Organiser des séances de méditation de pleine conscience, installer un babyfoot dans la salle de repos, faire venir un masseur sur le lieu de travail, nommer un chief happiness officer, etc., sont autant de bonnes idées qui ne doivent pas masquer une nécessaire et profonde remise en question de nos représentations.

https://pxhere.com/en/photo/929493

Une mutation épistémologique : accepter l’incertitude ouvre la possibilité de la stratégie

En acceptant l’incertitude, le désordre, l’entropie comme étant la règle, nous quittons la vision cartésienne d’un monde prévisible, contrôlable, maîtrisable.

Crises politiques, économiques, sociales et climatiques, instabilités diverses, innovations technologiques de rupture (World Wide Web, robots, big data, blockchain, intelligence artificielle, nano et bio technologies, etc.), émergences de nouveaux acteurs économiques (GAFA, économie collaborative) et politiques (Daesh), déplacement du centre de gravité économique international (vers l’Asie), autant d’incertitudes qui rendent notre environnement très instable au point qu’il nécessite quatre qualificatifs pour être cerné : volatile, incertain, complexe et ambigu (volatility, uncertainty, complexity, ambiguity – VUCA)

La complexité de ce contexte appelle une capacité à improviser, expérimenter et se projeter dans le futur, bref une stratégie car E. Morin nous rappelle qu’« il n’y a que la stratégie pour s’avancer dans l’incertain et l’aléatoire est l’art d’utiliser les informations qui surviennent dans l’action, de les intégrer, de formuler soudain des schémas d’action et d’être apte à rassembler le maximum de certitudes pour affronter l’incertain ».

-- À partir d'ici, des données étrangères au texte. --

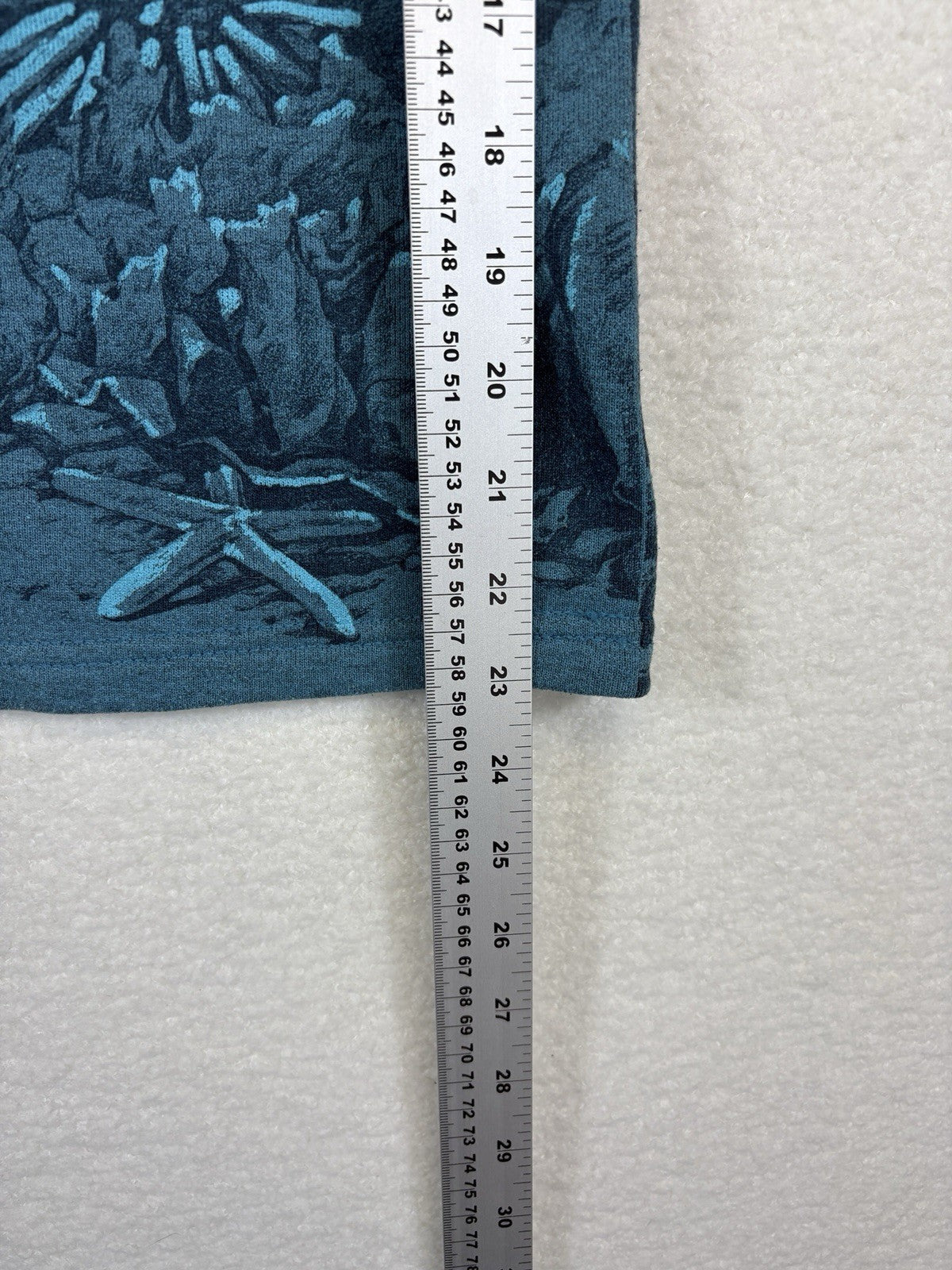 vtg 90s DOLPHIN ALL-OVER PRINT T-Shirt L hawaii nature ocean beach embroidered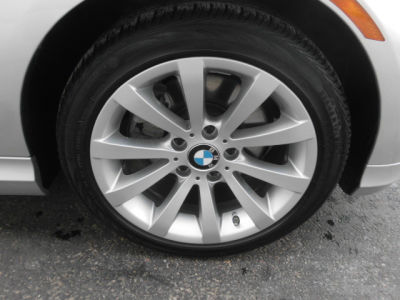 2011 BMW 328  i xDrive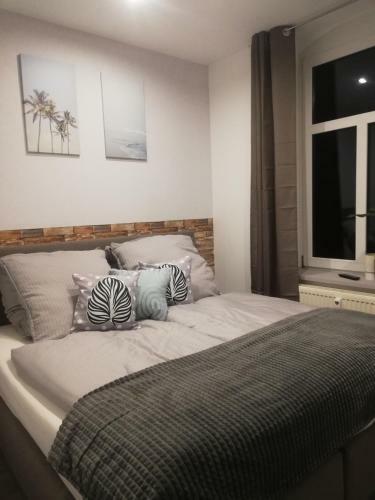Apartamento Ferienwohnung "greizer Stra�e"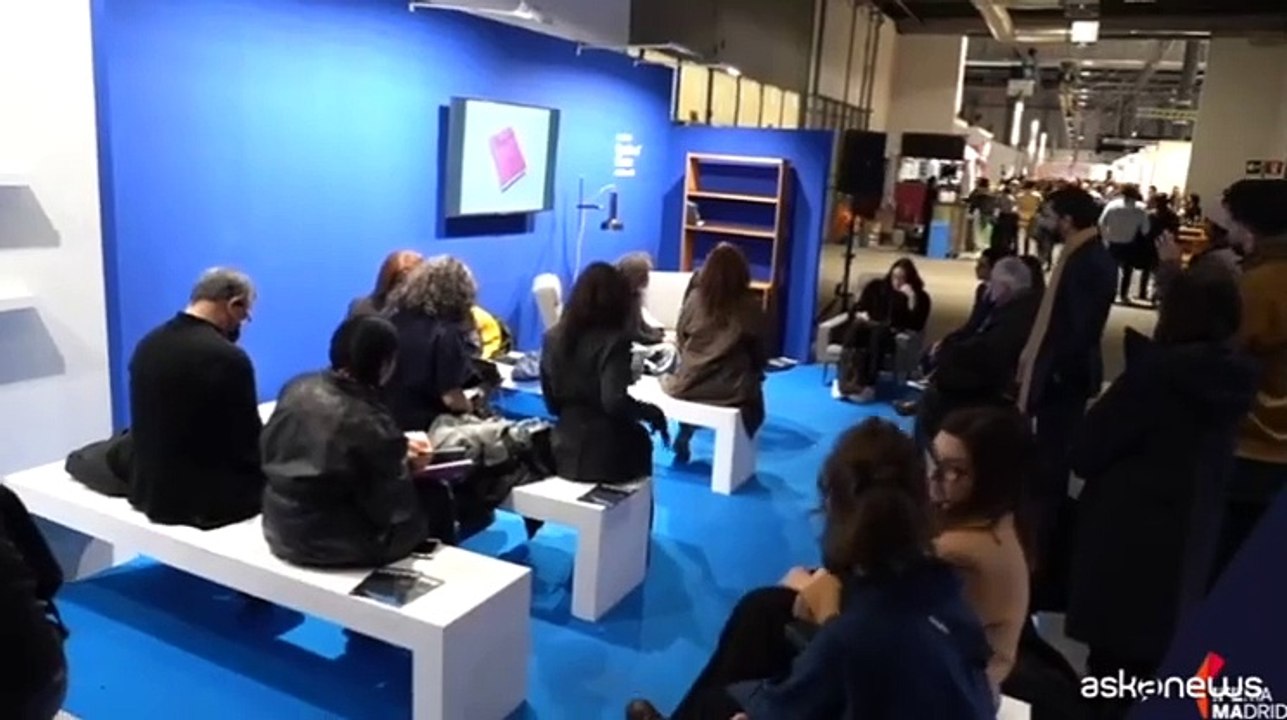 Illycaff? ad ARCOmadrid con Lee Ufan e Cristina Mej?as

La stratégie, étymologiquement la « conduite des armées » attache ainsi une importance particulière à la prise décision, car conduire c’est décider et « par nature le besoin de décider présuppose l’incertitude »

Notre environnement est d’autant plus incertain que nos actions contribuent à le transformer de manière continue, ce qui plaide pour une approche complexe de la stratégie qui ne peut se satisfaire de recettes toutes faites.

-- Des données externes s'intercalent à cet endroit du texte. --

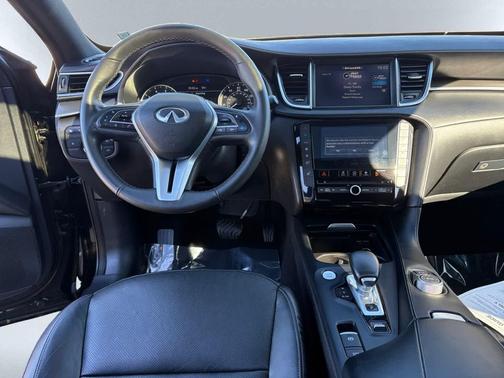 2023 INFINITI QX55 LUXE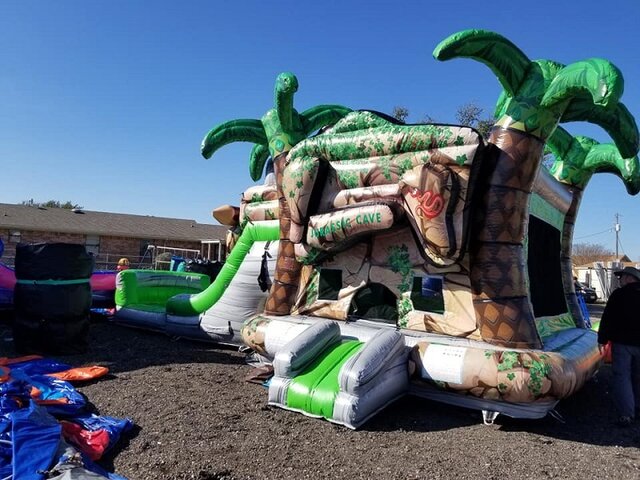 Bounce House with double water slide rental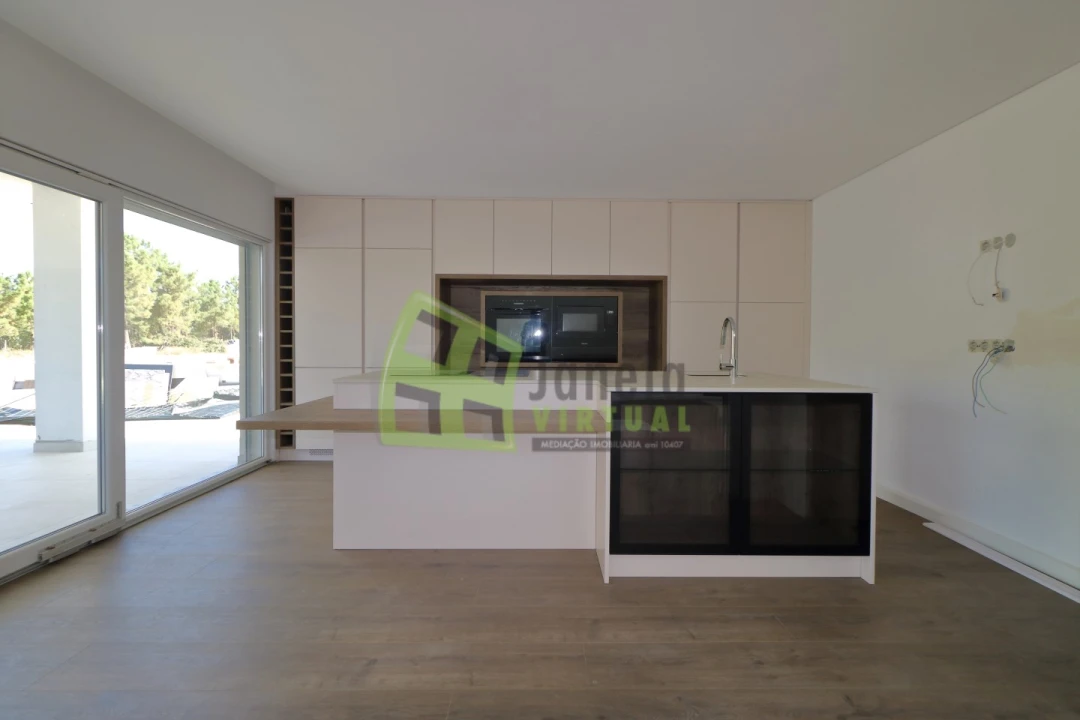 Moradia T3 para Venda em Charneca de Caparica e Sobreda Foto 4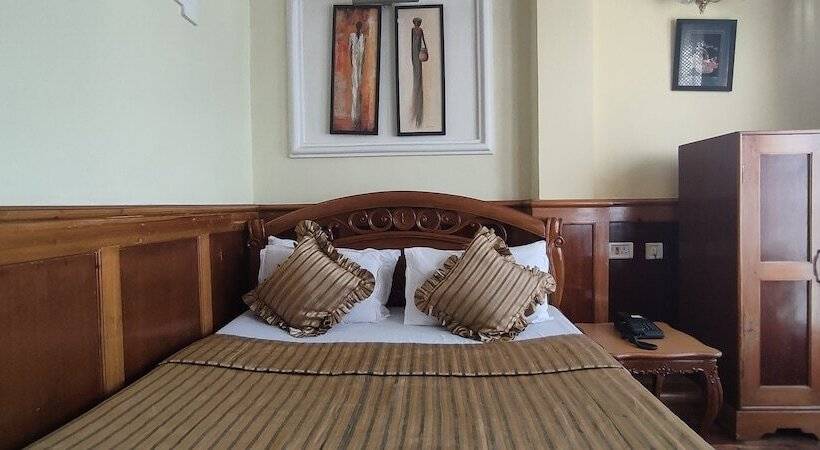 חדר דלוקס, The New Castle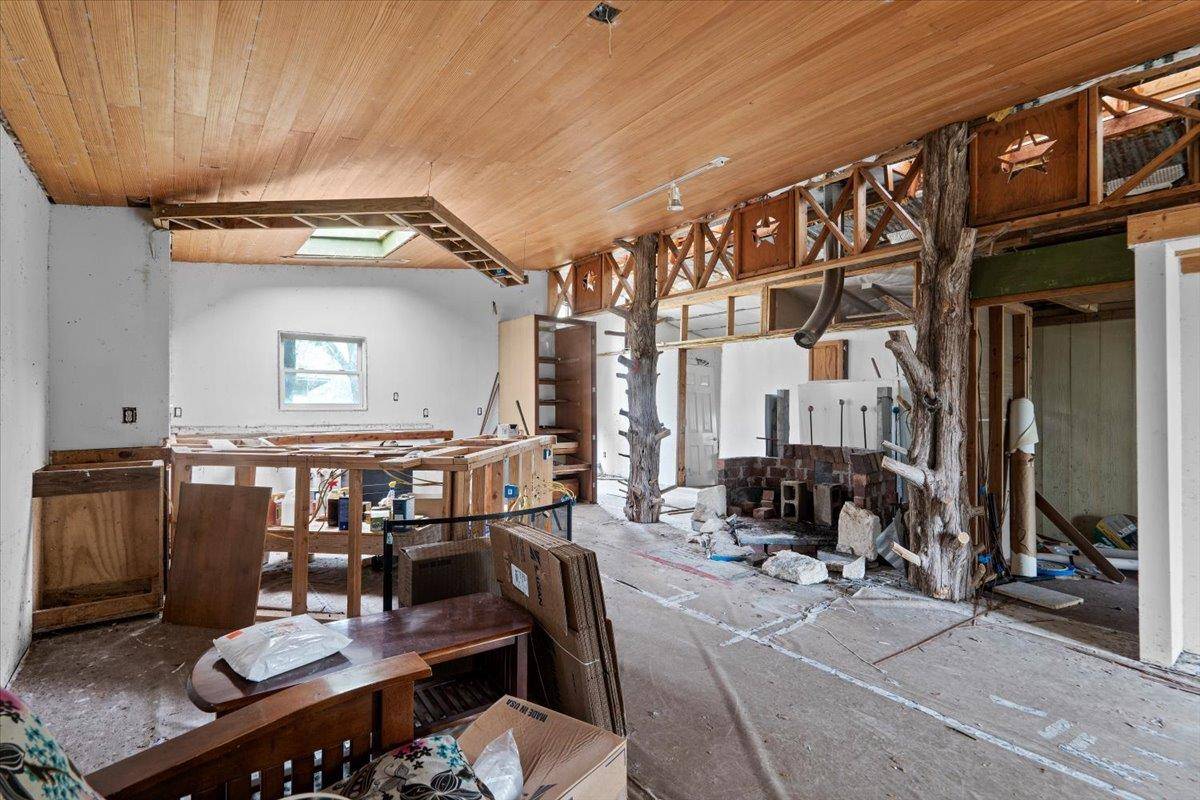 200 Desiderata DR, Smithville, TX 78957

Être stratège c’est être à l’écoute de son environnement, être ouvert à l’apprentissage. Cette ouverture implique d’une part la conscience de nos limites et d’autre part la volonté de les dépasser : améliorer la situation en s’améliorant soi-même. Ceci permet, dès lors, de positionner l’apprentissage au cœur de nos vies. Tant du point de vue de l’individu qui se conçoit ainsi toujours comme un apprenti, que du point de vue de l’organisation qui se pense en perpétuelle mutation.

Apprendre à apprendre

Apprendre à apprendre (avec méthode) est le meilleur moyen pour survivre, puisque c’est le chemin qui permet de ne plus complètement subir son environnement. C’est en particulier stratégique pour les organisations : « le meilleur moyen pour une entreprise de contrôler et de gérer son environnement est de devenir experte dans l’art d’apprendre et capable de s’adapter rapidement » nous expliquait Chris Argyris, l’un des grands penseurs de l’apprentissage organisationnel.

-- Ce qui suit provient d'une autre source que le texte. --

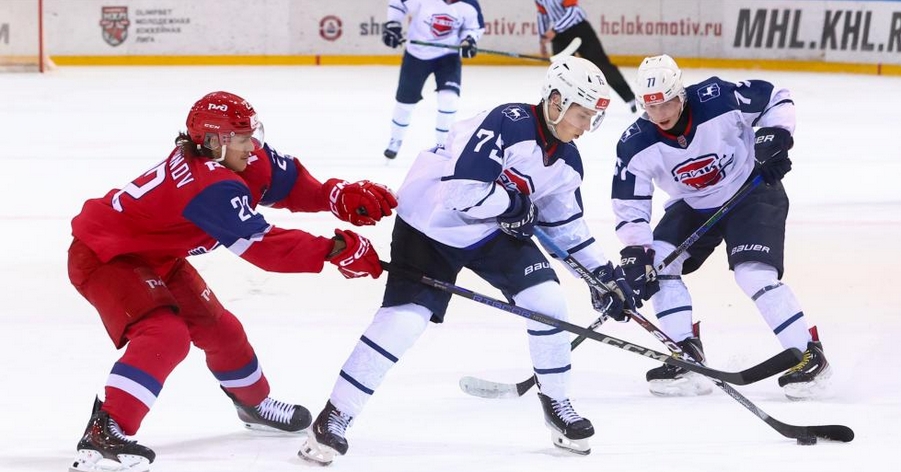 «Локо» против «Чайки», «Спартак» сразится с «Авто»: начало 1/2 Молодёжной хоккейной лиги на «Хоккей ТВ» и «Триколор Спорт»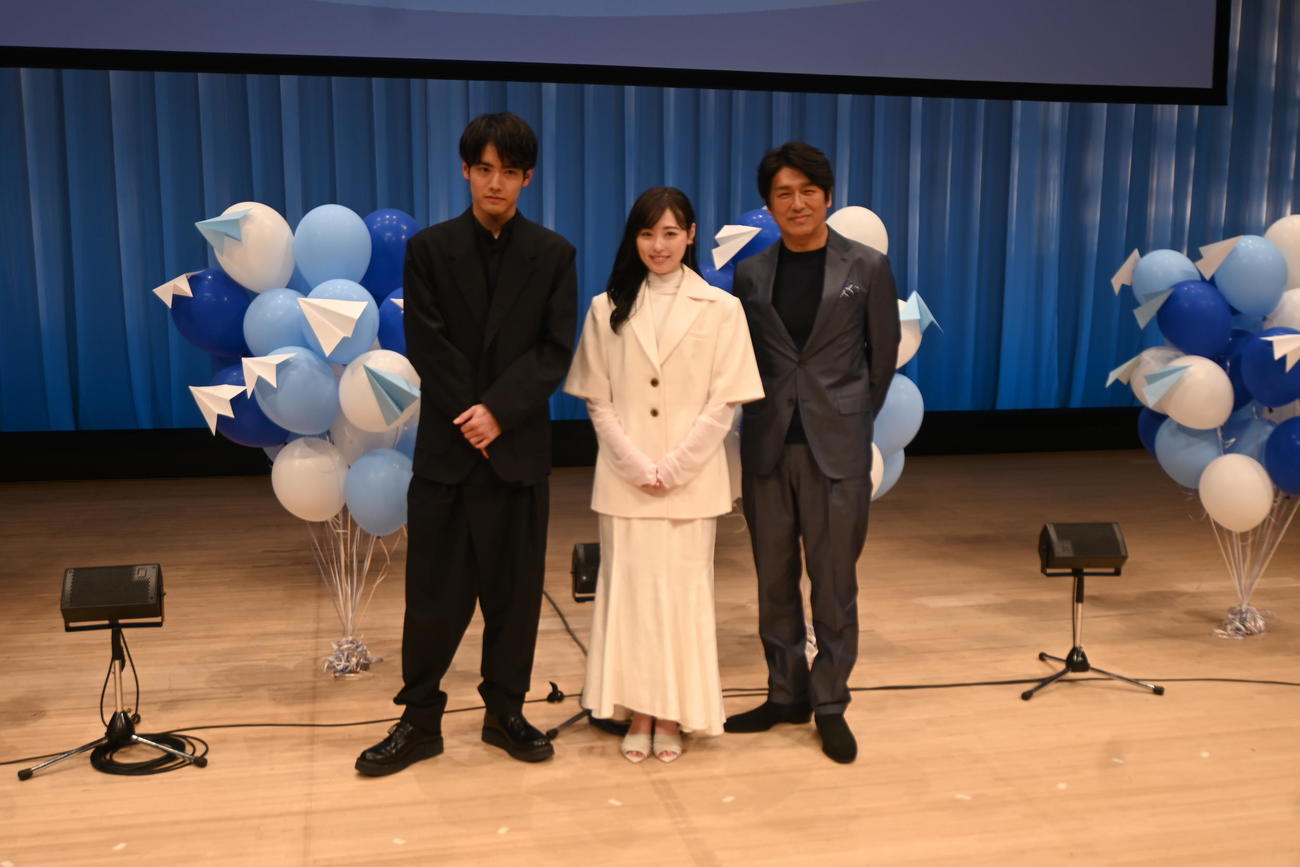 東大阪市で行われる「舞いあがれ！感謝祭」前に取材に応じた左から赤楚衛二、福原遥、高橋克典（撮影・松浦隆司）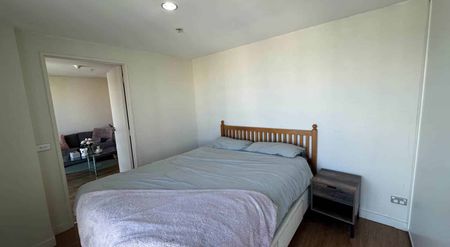 Semi Furnished one bedroom with view - Photo 3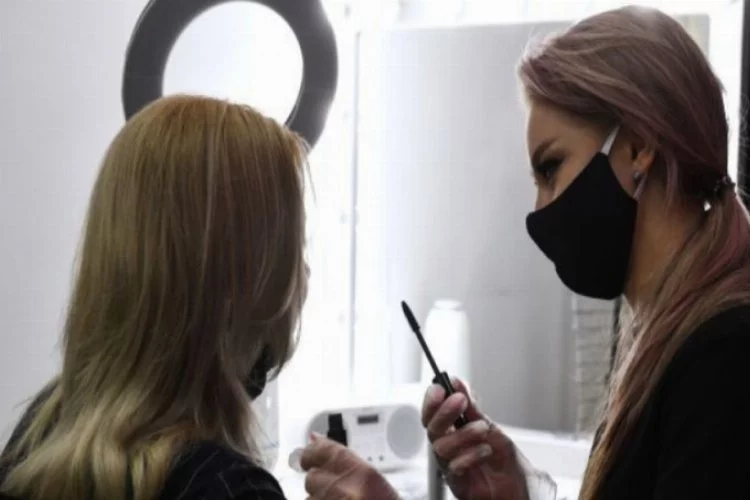Rusya'da tıbbi maske kullanımı göz makyajı ürünlerinin satışlarını artırdı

Il s’agit ainsi de considérer l’organisation non pas seulement comme le lieu où l’on cherche à améliorer le processus de production (dans la logique taylorienne) mais surtout le lieu où, selon Jean‑Louis Le Moigne, l’on cherche à améliorer le processus de décision

Cette approche induit un autre rapport à l’apprentissage. L’action fait le lien entre l’apprenant et la connaissance ou pour reprendre la belle formule de Paul Valery : « Entre l’être et le connaître : le faire ».

L’action intervient comme une propédeutique : agir c’est se préparer à connaître. Cet apprentissage par l’agir (learning by doing), un principe bien connu depuis les travaux du psychologue américain John Dewey, se trouve aujourd’hui actualisé à travers la culture « maker ».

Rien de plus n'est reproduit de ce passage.